I was born while my dad, A. Ray Lee, was in seminary in New Orleans. I have jokingly said that when the doctor came out and told him, “It’s a girl,” he said, “She’ll go to Judson.” Two years later, when a doctor came out and told him baby No. 2 was also a girl, he said, “She’ll go to Judson, too.”   

Whether or not he said so at the time of our births, my sister and I both went to Judson.   

Judson College was an all-girls college established in 1838 by Alabama Baptists to educate their daughters in theology, literature and the fine arts. Founded by General Edwin King, Julia Tarrant Barron, Milo P. Jewett and others, the college was located in Marion. The Alabama Women’s Hall of Fame, established in 1970, was housed there. 

In the late 1970s and early 1980s, when my sister and I – and one of our cousins – attended Judson, some of its policies and traditions seemed a bit dated. The dress code was strict. We didn’t wear uniforms, but we didn’t wear pants either. We had strict curfews. Meals in the dining hall were served family-style and included lessons in etiquette. We regularly donned formal attire – including gloves – as we celebrated long-held traditions such as The President’s Reception, Pageant and Christmas Tea and Vespers.   

One tradition that did not require formal attire was the Step Sings. We would all crowd onto the grand staircase in Jewett Hall to sing such songs as “Tell Me Why,” “Mr. Moon,” “Linger,” and “There’ll Always Be A Judson.” 

The final words of “There’ll Always Be A Judson” are “There’ll always be a Judson, and Judson will ever be if Judson means as much to you as Judson means to me.”   

Those words are hard to reconcile with the reality that Judson College is no more.   

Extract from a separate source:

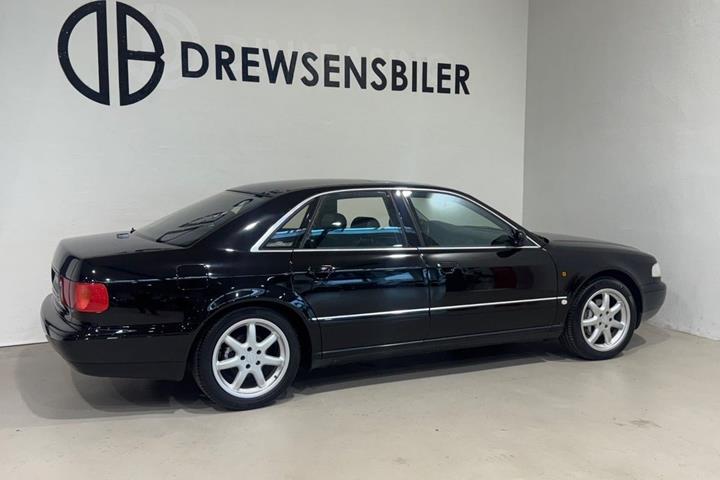 Sort Audi A8 fra 1997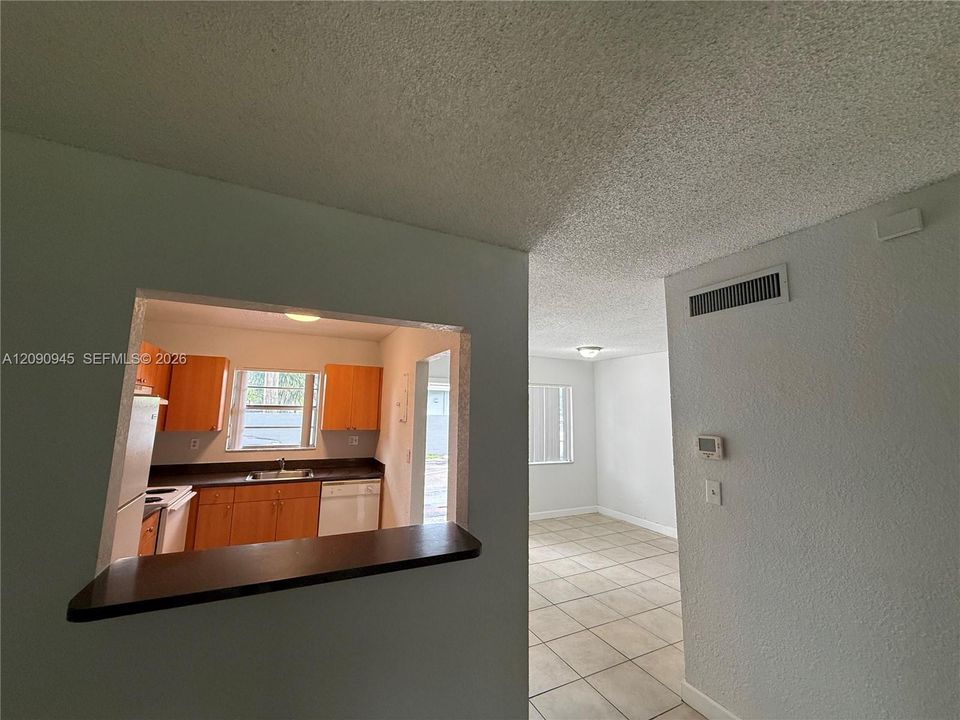 For Sale: $119,000 (1 beds, 1 baths, 736 Square Feet)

After more than a decade of declining financial support, the Board of Trustees made the difficult decision to close the school. The Class of 2021 is Judson’s final graduating class. 

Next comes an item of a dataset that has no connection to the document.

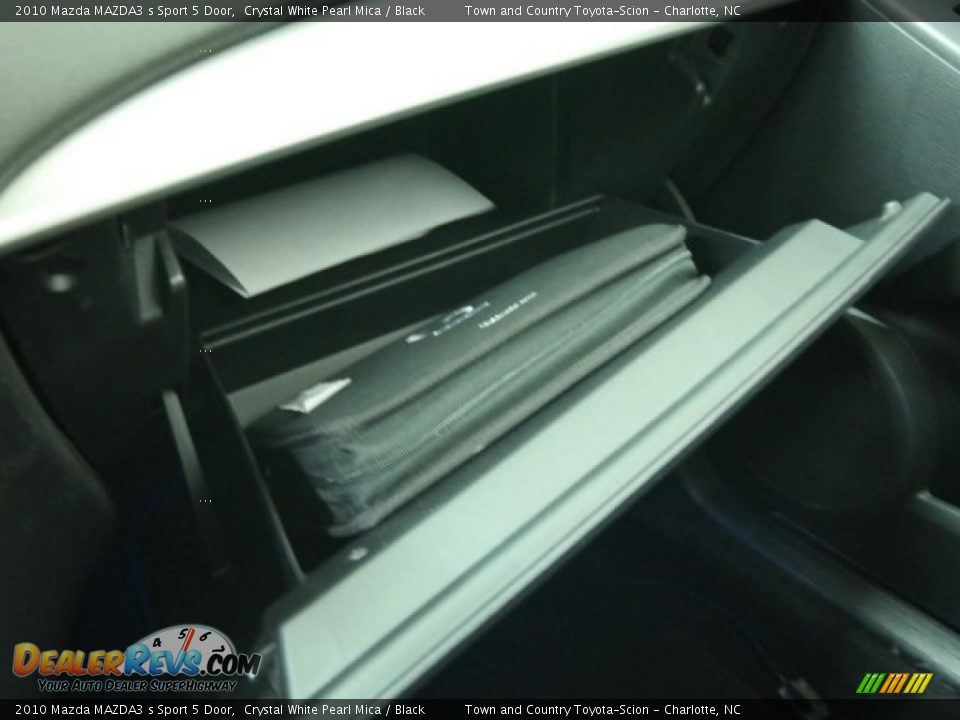 2010 Mazda MAZDA3 s Sport 5 Door Crystal White Pearl Mica / Black Photo #33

Alumnae who had rallied in an attempt to raise funds to keep the college operating turned their efforts to preserving the history of Judson. At an auction held Dec. 11, Always a Judson – the company established by alumnae for the purpose of preserving Judson’s history – was successful in its efforts in securing many of the historically significant items of Judson’s history, including the Jewett Tea Service, the History of Judson College in Needlepoint and portraits of many of Judson’s founders.  

Judson College is gone, but for many alumnae like myself, Judson will ever be.  She provided us with excellent educations and helped ground us in our faith.  While there, we made friendships that have endured the test of time.   

She helped make us the women we are today.   

For those of you who have asked, Dad has been ill, but he appears to have finally turned the corner.  He hopes to be back writing his column soon.